Tari Rejang Dewa, salah satu tari sakral Bali
Bali merupakan pulau yang sangat kaya akan budaya tradisional. Budaya Bali yang diinspirasi oleh agama Hindu benar benar unik dan tidak bisa dijumpai dimanapun di dunia ini. Karena itu, Bali dijuluki sebagai Pulau Dewata. Ada banyak hal yang kita bisa temukan di Bali, tetapi sulit ditemukan di tempat lain, salah satu contohnya adalah tarian ritual. Tarian ritual merupakan tarian yang dipentaskan ketika ada upacara-upacara tertentu yang juga memiliki maksud dan tujuan tertentu dan bersifat spiritual. Di bali, tarian ritual ini jumlahnya mencapai ratusan dan uniknya beberapa daerah memiliki tarian ritualnya masing-masing. Tri Hita Karana ada sebagai alasan terciptanya tarian ritual. Pementasan tarian ritual ini merupakan cerminan yang meyakinkan akan citra pulau Bali sebagai Pulau Dewata itu.
Seiring
dengan perkembangan zaman yang disebut sebagai era globalisasi ini, eksistentsi
Bali pada dunia meningkat secara signifikan dari tahun ke tahun hingga
sekarang, ini berdampak pada sektor pariwisata bali yang terus meningkat.
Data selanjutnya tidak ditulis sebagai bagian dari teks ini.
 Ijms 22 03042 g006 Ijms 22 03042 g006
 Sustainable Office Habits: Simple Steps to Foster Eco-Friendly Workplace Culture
Namun, dilihat dari sudut pandang ajaran filsafat Tri Hita Karana, hali ini
didominasi dengan dampak negatifnya.
makna dari “Pulau Dewata” yang dimiliki Bali terancam bahaya, dan bahwa
julukan “Pulau Dewata” tidak akan lagi memiliki makna yang sebenarnya, dan
hanya akan menjadi julukan semata.
Saya
yakin bahwa kita masih belum terlambat untuk membenahi diri, untuk sadar akan
bahaya yang selalu mengancam identitas Pulau Bali sebagai Pulau Dewata. Satu
satunya cara yang bisa kita tempuh untuk menghindari ancaman ialah kesadaran
yang lebih akan pentingnya Tri Hita Karana.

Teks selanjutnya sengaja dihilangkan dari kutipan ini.